California State Labor Commissioner Angela Bradstreet ordered two housing subcontractors working on the Tercero Housing Project to pay $1.3 million for improperly paying wages on Aug. 10 – two months after previous subcontractors committed similar labor violations.
The California Department of Industrial Relations (DIR) investigated and found that the Nevada-based subcontractors Kings Drywall Inc. and JL Home Development failed to report workers on certified payroll reports, pay overtime and provide accurate deduction statements for its 149 workers.
This included failure to pay fringe benefits, such as travel, and inflating worker pay when they were actually paid below required pay rates.
“My office is committed to providing a level playing field for all contractors who comply with the law,” said Bradstreet in a press release. “Contractors simply cannot cut corners and intentionally underpay their workers, depriving those employees of the money they earned. I believe the action my office is taking against Kings Drywall and JL Home will continue to serve as a deterrent to any company that is thinking about undermining its employees or the wage laws.”
The subcontractors were working on the UC Davis Tercero II dormitory housing which houses 600 first-year students and resident advisors on the corner of La Rue Drive and Dairy Road. They are also LEED – Leadership in Energy and Environmental Design – certified by the organization at the gold standard level.

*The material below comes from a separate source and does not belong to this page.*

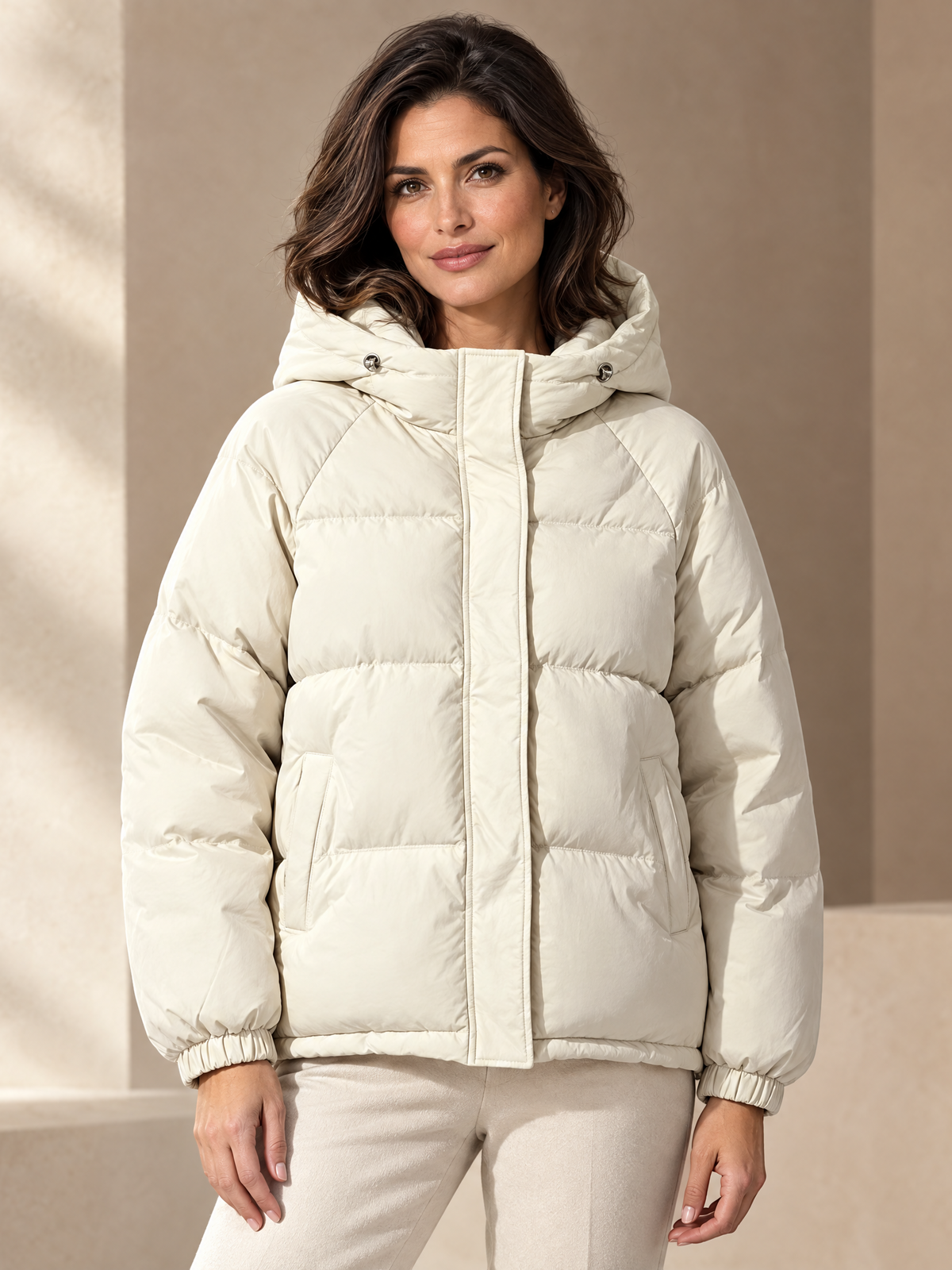 JXR0002 Hooded Puffer Jacket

Trade groups concerned with potential labor violations occurring at the site contacted the university. The campus collected the certified payroll records from the subcontractors and sent them to the DIR.
This follows previous violations committed by Russell/Thompson and 84 Lumber, which the DIR fined $1.5 million for not paying the proper wages for 79 workers. All four subcontractors, which worked on different parts of construction, worked under Brown Construction – the general contractor that completed four construction projects with the university.

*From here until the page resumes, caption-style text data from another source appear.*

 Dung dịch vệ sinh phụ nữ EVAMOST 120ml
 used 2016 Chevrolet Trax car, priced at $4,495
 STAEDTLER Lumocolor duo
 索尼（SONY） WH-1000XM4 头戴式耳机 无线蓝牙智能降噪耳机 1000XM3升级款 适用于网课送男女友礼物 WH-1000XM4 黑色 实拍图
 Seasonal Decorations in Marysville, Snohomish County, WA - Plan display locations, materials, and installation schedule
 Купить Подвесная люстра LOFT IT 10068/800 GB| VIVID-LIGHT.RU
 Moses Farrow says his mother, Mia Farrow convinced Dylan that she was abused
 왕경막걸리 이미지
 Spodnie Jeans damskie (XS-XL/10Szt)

In both cases, the DIR issued civil wage and penalty assessments to obtain the money owed to the workers.
“The contractors have not explained the violations but Brown Construction, 84 Lumber and Russell/Thompson have all filed a request for review but have not submitted any detailed information,” said Krisann Chasarik, communication specialist at the DIR in an e-mail interview.
She also added that the DIR did not have a record of all of Brown’s hiring of subcontractors but that the subcontractors had no prior egregious violations.
Although the incidents may have raised tension at the building site, the project met its deadline for incoming students.
Picketers protested against unfair pay at the job site in June, according to a UC Davis Dateline news release.
“At one point several days were lost,” said Assistant Vice Chancellor Clayton Halliday, campus architect. “But the contractor was then obligated to accelerate to work on weekends to recover from that and bring on the forces they needed.”
He also added the building project deadline extended from mid-August to mid-September owing to design changes that often occur in construction projects. The project’s final tab of $24.67 million -$17 million under the estimated cost – came as a pleasant surprise for the university.
“We’re not alone here,” Halliday said. “Many other UCs are getting competitive bids and coming under budget. It was significantly less than expected compared to prices prior to recession and even less than good bids under the recession.”